Active chemistry, clouds in exoplanet: Scientist
ABU DHABI: Four highly sensitive instruments on the James Webb Space Telescope (JWST) were trained on the atmosphere of a hot Saturn – a planet about as massive as Saturn orbiting a star 700 light-years away known as WASP-39 b, revealing an unprecedented view into a chemical portrait of the planet’s skies, a team of scientists from institutions worldwide and NYU Abu Dhabi (NYUAD) reported.
While previous observations detected isolated ingredients of this broiling planet’s atmosphere, the new readings provide a full menu of atoms, molecules, and even signs of active chemistry and clouds, highlights Jasmina Blecic, a scientist at NYUAD’S Center for Astro, Particle and Planetary Physics (CAP3), a member of the only Exoplanetary Atmospheres research group in UAE led by Ian Dobbs-dixon, and part of the JWST team.
JWST sees the universe in infrared light, on the red end of the light spectrum beyond what human eyes can see. This allows the telescope to pick up fingerprints of molecular species that cannot be detected in visible light. WASP-39 b was observed as it passed in front of its host star, capturing in this way the starlight filtered through the planetary atmosphere. Different molecular species present in the planetary atmosphere absorbed different parts of the stellar light, revealing the enriched chemical background of the planet envelope.

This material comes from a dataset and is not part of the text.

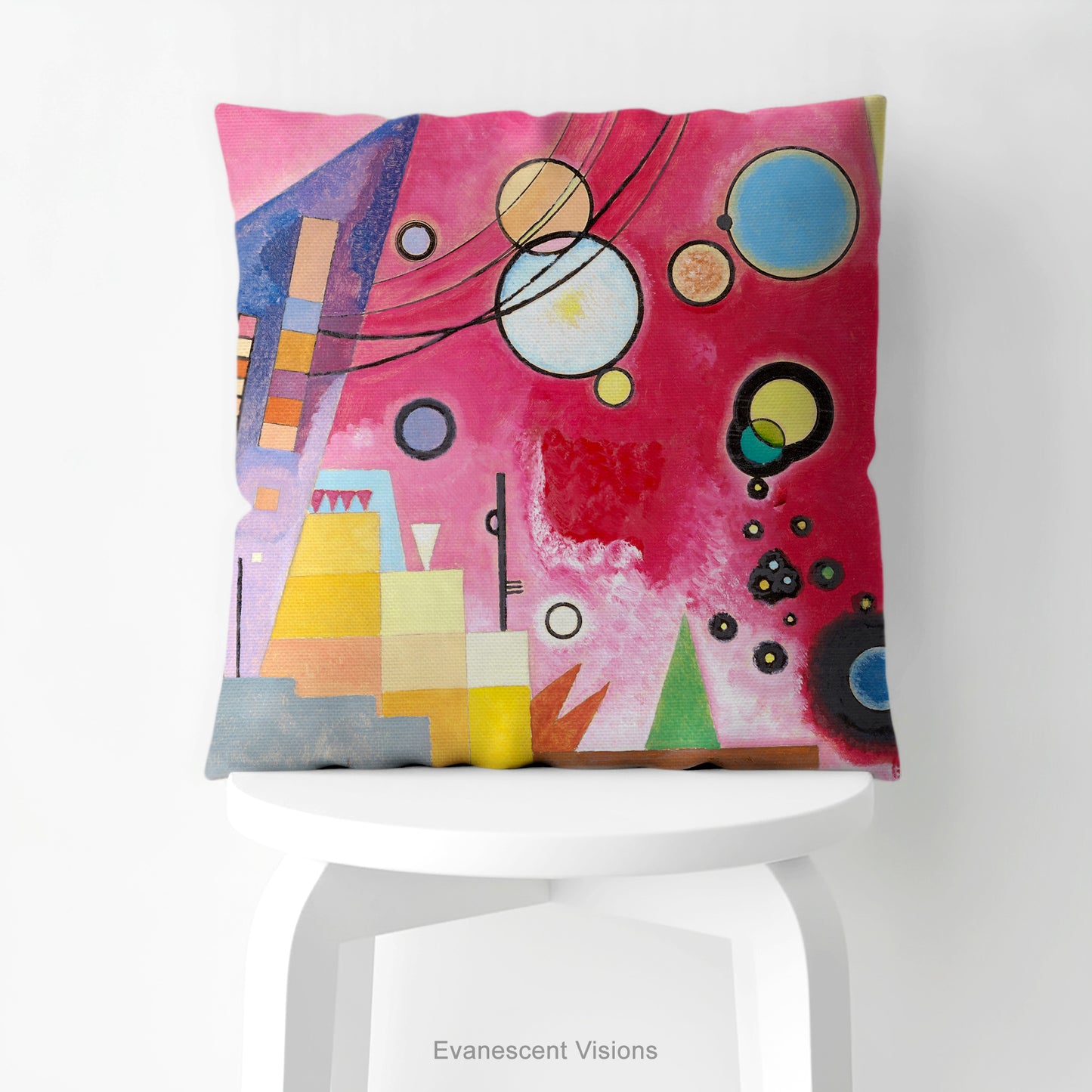 A colourful square cushion on a stool featuring an abstract art print of Schweres Rot (Heavy Red) by abstract artist Wassily Kandinsky.
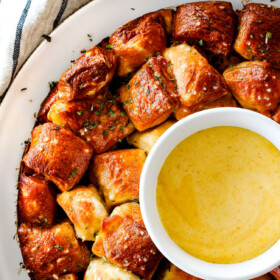 Soft, buttery Pretzel Monkey Bread with the most addicting Honey Mustard Dip! I always bring this crowd pleasing appetizer to parties and it is the first to go!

“The clarity of the observations which came from these instruments, before any data cleaning was performed, was mind-blowing!” says Blecic. “The raw data looked polished, as if we already performed a heavy liting of reducing noise and instrumental errors that we used to do with the Spitzer and Hubble telescopes, and the molecular features were noticeable from a first look,” says Blecic. These facts bode well for the capabilities of the JWST instruments to conduct investigations of smaller, rocky exoplanets, hoped for by the science team.
The suite of new discoveries is detailed in a set of five new scientific papers co-authored by Blecic, to be published this month in the journal Nature. Among the remarkable revelations is the first detection of sulphur dioxide in an exoplanet atmosphere, a molecule produced from chemical reactions triggered by high-energy photons coming from the planet’s star. On Earth, the protective ozone layer is created in a similar way.
“This is the first time we see concrete evidence of photochemistry on exoplanets,” said Shangmin Tsai, a researcher at the University of Oxford and the author of the paper explaining the origin of sulfur dioxide in WASP-39 b’s atmosphere.
“It is also the first time that we had to include higher level physics into our models so we can explain the data,” adds Blecic. The resulting improvements in modelling will help interpret potential signs of life in the future, when we observe smaller, potentially habitable, terrestrialsized planets. With an estimated temperature of 1,600 degrees Fahrenheit (900 degrees Celsius) and an atmosphere made mostly of hydrogen, WASP-39 b is, however, not believed to be habitable.